SDLP - Seadrill Partners LLC Announces Pricing of Public Offering
London, United Kingdom, June 19, 2014 - Seadrill Partners LLC (NYSE: SDLP) ("Seadrill Partners" or the "Company") announced today that it has priced its public offering of 6,100,000 common units, which represent limited liability company interests, for total estimated gross proceeds of approximately $200 million (before deducting underwriting discounts and commissions and other estimated offering expenses).
In addition, Seadrill Limited ("Seadrill") has agreed to purchase directly from the Company in a private placement, $100 million of common units at the price at which the common units will be sold to the underwriters, such private placement to close concurrently with the public offering of common units.
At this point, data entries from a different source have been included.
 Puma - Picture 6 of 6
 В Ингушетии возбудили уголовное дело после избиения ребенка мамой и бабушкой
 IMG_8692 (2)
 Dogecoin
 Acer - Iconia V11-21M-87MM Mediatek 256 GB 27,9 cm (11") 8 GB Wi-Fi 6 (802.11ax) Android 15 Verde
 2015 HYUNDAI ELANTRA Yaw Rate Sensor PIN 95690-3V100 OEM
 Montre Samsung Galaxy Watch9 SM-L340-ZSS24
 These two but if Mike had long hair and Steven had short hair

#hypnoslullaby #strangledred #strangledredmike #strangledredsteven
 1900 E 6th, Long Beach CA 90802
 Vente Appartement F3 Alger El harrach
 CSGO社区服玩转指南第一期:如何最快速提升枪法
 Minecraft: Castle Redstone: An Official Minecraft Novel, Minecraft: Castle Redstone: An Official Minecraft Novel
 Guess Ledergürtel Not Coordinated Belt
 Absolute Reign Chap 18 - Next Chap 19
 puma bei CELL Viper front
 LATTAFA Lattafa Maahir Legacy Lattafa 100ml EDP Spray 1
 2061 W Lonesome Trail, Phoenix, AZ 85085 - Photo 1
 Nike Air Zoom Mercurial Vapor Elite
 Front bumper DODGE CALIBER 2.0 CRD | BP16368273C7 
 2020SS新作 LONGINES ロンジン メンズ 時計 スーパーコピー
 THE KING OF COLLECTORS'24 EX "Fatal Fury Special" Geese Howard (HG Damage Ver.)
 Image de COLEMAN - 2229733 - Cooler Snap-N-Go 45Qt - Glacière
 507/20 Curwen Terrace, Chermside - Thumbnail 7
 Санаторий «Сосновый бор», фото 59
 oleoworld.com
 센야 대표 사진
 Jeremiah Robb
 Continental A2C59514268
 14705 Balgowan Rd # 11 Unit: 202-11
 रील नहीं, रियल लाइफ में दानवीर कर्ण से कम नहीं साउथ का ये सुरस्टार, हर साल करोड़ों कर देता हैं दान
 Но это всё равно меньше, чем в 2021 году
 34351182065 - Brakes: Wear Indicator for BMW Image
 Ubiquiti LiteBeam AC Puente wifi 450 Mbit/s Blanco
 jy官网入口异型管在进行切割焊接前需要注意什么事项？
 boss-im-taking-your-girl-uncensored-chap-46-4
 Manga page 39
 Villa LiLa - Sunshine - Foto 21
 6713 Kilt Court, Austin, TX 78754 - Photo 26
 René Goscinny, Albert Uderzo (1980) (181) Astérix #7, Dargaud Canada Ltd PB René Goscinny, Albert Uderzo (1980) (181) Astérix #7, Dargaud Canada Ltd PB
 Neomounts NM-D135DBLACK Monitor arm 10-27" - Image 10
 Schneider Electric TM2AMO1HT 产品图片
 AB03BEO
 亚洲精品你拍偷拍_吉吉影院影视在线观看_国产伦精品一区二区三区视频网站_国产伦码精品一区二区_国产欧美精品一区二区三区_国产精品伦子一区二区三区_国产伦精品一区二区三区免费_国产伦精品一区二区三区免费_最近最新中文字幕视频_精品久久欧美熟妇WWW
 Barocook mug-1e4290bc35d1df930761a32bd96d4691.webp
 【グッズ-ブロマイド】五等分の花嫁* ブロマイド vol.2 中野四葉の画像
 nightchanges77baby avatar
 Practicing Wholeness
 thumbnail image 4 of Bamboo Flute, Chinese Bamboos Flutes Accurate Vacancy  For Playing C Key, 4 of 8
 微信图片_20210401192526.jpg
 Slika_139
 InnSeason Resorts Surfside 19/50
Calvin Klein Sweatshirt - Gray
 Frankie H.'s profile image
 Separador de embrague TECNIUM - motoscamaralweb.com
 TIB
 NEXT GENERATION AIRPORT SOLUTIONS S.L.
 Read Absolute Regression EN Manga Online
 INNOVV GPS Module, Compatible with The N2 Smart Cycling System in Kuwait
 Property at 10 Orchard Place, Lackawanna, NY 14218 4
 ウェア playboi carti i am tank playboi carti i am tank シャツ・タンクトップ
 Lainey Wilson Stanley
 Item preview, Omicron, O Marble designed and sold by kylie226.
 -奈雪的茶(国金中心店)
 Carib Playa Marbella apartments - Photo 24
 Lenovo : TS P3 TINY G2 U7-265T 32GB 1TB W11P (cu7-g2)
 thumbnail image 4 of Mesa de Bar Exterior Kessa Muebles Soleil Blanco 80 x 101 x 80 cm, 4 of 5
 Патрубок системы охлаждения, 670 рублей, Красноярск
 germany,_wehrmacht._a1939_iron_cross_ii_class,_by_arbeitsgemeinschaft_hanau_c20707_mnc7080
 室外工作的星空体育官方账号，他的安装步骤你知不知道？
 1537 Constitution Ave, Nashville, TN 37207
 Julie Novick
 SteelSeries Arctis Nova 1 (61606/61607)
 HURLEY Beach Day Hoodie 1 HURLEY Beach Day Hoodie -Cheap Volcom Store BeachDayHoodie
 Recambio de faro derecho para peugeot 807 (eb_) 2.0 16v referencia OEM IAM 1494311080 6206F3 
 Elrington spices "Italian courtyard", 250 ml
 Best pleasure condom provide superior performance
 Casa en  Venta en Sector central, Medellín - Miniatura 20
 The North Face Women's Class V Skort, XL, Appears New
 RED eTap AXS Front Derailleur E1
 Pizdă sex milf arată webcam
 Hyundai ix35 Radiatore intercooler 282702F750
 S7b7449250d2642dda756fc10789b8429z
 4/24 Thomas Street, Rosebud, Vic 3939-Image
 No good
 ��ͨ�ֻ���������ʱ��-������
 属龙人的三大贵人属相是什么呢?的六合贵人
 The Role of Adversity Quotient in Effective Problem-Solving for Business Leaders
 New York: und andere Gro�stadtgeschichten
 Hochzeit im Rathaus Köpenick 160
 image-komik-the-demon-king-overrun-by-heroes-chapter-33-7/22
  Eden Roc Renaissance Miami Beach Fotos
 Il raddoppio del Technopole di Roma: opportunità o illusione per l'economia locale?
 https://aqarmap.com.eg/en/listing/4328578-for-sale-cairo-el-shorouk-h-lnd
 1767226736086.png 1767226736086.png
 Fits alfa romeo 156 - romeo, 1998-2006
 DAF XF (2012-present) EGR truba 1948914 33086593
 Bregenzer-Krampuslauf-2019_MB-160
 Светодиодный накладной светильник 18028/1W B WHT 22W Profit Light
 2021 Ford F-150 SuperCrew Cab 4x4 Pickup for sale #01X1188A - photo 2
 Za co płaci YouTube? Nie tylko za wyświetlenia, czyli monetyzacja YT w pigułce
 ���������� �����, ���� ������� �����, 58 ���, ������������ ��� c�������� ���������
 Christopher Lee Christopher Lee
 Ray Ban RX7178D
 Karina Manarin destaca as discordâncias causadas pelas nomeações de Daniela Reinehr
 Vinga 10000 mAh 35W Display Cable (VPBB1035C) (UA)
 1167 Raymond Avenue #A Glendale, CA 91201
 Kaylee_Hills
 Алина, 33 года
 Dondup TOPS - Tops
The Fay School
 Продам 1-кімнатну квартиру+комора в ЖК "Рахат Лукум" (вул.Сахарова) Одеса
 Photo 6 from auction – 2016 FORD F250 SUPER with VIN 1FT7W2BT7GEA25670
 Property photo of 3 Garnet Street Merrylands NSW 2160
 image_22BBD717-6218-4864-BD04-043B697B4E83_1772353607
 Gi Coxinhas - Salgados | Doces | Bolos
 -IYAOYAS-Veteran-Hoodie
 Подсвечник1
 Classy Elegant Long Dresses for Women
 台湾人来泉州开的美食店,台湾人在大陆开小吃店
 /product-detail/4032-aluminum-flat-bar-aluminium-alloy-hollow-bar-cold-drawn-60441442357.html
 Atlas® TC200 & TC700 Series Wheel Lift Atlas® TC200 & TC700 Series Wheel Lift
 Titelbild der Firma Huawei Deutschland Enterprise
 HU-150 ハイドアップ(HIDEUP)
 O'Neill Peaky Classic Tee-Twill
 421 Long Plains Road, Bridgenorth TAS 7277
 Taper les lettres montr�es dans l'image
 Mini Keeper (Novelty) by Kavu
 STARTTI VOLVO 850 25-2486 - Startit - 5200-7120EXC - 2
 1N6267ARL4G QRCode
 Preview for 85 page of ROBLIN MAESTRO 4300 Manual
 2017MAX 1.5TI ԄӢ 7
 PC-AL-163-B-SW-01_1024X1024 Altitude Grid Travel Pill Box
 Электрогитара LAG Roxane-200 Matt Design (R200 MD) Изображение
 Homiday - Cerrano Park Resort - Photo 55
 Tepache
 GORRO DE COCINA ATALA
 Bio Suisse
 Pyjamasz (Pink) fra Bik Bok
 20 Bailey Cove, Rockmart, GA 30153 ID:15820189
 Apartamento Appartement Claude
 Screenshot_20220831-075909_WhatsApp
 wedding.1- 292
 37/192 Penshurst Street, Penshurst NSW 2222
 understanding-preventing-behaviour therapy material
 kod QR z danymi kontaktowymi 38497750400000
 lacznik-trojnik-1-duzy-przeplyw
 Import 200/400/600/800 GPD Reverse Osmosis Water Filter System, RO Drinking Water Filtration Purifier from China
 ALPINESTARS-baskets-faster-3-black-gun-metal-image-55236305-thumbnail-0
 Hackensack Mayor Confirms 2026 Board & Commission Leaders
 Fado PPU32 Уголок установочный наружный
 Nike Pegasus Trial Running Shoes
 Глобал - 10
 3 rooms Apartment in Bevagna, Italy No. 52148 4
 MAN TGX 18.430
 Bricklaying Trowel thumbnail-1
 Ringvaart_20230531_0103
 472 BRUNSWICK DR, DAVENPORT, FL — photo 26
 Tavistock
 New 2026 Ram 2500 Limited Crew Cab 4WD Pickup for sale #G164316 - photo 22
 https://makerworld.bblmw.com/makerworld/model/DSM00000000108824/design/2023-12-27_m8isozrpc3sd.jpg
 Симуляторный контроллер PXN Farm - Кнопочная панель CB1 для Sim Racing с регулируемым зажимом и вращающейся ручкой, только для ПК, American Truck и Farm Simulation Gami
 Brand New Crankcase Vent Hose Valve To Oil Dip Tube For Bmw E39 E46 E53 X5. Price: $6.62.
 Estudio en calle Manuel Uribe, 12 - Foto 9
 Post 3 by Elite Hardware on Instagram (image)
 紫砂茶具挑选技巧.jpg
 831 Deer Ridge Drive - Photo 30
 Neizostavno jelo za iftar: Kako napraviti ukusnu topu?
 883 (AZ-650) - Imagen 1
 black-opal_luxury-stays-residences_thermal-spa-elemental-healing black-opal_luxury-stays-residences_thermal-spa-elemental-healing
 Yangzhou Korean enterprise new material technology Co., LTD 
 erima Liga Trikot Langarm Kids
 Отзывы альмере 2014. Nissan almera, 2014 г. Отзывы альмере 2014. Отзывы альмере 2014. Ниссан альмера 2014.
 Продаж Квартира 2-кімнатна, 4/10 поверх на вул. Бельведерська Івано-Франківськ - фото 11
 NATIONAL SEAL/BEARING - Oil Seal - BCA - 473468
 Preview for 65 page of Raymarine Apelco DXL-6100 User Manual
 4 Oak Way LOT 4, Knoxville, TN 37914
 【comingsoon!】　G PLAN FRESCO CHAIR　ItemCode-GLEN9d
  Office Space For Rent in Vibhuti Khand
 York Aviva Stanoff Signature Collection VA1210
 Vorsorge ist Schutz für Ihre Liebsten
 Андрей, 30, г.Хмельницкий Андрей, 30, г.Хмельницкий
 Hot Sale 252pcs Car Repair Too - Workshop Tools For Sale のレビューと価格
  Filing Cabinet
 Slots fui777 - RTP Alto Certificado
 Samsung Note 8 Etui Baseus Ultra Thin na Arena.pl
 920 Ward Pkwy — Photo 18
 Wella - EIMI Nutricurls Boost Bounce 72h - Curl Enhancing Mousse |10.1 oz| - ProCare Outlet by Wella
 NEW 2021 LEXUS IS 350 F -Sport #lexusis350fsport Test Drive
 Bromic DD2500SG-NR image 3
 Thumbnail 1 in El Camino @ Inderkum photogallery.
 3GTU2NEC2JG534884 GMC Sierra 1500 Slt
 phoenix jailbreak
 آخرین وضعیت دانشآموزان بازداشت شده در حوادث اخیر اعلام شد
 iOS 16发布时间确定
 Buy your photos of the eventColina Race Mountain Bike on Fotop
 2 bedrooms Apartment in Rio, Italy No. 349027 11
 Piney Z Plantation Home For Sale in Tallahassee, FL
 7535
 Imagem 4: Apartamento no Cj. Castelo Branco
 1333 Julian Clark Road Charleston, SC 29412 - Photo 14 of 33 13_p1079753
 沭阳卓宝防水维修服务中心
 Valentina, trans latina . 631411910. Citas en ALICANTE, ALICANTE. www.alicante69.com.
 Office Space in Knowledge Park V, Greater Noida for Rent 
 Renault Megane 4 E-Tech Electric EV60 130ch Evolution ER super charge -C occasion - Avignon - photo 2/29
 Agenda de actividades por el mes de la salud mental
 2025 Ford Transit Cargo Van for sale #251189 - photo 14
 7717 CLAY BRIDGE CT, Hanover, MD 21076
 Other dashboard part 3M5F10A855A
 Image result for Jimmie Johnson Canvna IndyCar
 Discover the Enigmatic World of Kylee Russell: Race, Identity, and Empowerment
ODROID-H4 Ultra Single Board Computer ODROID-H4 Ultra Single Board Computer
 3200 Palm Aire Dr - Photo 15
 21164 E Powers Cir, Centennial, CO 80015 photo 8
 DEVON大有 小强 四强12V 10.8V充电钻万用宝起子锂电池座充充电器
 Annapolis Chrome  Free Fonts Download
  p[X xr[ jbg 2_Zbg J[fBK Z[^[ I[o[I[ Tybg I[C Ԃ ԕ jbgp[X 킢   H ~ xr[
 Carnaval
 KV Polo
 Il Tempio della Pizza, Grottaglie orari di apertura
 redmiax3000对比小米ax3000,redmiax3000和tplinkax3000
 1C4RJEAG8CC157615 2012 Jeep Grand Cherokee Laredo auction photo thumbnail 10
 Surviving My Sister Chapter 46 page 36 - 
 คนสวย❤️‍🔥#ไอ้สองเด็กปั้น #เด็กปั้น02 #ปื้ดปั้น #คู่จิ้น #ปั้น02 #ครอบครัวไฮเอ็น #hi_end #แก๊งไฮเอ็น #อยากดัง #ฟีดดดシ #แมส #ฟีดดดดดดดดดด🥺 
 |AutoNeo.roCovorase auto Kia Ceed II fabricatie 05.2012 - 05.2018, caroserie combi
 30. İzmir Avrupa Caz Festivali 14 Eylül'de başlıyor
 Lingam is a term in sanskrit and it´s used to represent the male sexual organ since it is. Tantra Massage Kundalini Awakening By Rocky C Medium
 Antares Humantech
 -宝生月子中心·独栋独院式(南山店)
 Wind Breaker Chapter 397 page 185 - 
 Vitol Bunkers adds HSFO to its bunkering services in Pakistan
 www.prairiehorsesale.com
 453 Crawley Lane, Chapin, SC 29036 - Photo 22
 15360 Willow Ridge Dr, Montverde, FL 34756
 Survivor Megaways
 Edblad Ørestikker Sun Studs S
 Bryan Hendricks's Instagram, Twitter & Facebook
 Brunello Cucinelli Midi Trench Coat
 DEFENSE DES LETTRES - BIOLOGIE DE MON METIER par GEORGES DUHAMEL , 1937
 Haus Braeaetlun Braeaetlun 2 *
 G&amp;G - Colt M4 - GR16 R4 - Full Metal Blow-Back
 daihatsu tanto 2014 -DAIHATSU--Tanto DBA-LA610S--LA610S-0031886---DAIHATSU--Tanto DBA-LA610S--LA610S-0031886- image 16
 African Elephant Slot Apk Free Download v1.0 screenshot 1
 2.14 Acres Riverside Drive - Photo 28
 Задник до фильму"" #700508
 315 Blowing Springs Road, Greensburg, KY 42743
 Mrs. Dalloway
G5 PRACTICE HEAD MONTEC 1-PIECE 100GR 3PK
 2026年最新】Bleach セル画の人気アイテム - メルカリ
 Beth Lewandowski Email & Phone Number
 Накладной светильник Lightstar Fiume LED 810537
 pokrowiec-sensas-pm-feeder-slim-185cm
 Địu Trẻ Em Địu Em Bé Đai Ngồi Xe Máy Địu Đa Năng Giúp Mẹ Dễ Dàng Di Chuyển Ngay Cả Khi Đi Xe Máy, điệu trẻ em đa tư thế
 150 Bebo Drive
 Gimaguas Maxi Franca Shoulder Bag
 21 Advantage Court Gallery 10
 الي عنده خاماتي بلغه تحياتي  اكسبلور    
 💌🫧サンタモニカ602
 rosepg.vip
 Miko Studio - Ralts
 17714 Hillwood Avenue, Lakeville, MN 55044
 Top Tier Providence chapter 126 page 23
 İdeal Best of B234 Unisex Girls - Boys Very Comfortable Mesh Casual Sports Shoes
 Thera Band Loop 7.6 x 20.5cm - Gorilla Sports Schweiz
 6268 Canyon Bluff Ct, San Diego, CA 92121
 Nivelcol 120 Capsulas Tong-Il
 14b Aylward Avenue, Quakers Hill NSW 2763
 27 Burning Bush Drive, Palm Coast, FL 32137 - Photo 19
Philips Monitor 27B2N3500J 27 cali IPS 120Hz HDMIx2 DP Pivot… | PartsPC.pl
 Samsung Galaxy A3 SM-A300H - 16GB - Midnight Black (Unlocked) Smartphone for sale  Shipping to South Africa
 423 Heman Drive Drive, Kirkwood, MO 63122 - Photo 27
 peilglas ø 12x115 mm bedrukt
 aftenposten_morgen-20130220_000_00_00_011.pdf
The Company intends to use the net proceeds from the public offering and the concurrent private placement for general company purposes, which may include acquisitions, repayment of indebtedness and working capital purposes.
BofA Merrill Lynch and Morgan Stanley will act as book running managers for the offering and propose to offer the shares at prevailing market prices or otherwise from time to time through the NYSE, the over-the-counter market, negotiated transactions or otherwise.
Copies of the preliminary prospectus supplement and, when available, the final prospectus supplement and accompanying base prospectus related to this offering may be obtained from the offices of BofA Merrill Lynch, 222 Broadway, New York, NY 10038, Attn: Prospectus Department or Email firstname.lastname@example.org; and Morgan Stanley, Attention: Prospectus Department, 180 Varick Street, 2nd Floor, New York, NY 10014, Email: email@example.com, Telephone: 866-718-1649.
This news release does not constitute an offer to sell or a solicitation of an offer to buy the securities described herein, nor shall there be any sale of these securities in any state or jurisdiction in which such an offer, solicitation or sale would be unlawful prior to registration or qualification under the securities laws of any such jurisdiction. The common units in the public offering are being offered and sold pursuant to an effective registration statement on Form F-3 previously filed with the Securities and Exchange Commission (the "SEC") (File No. 333-196286). This offering may be made only by means of a prospectus supplement and accompanying base prospectus, which will be filed with the SEC.
FORWARD LOOKING STATEMENTS
The statements in this press release that are not historical facts may be forward-looking statements. These forward looking statements, which include statements related to the public offering of common units, the concurrent private placement and the use of proceeds therefrom, are based upon the current beliefs and expectations of Seadrill Partners' management and are subject to risks and uncertainties, which could cause actual results to differ from the forward looking statements. The information set forth herein should be read in light of such risks. Seadrill Partners does not assume any obligation to update the information contained in this press release.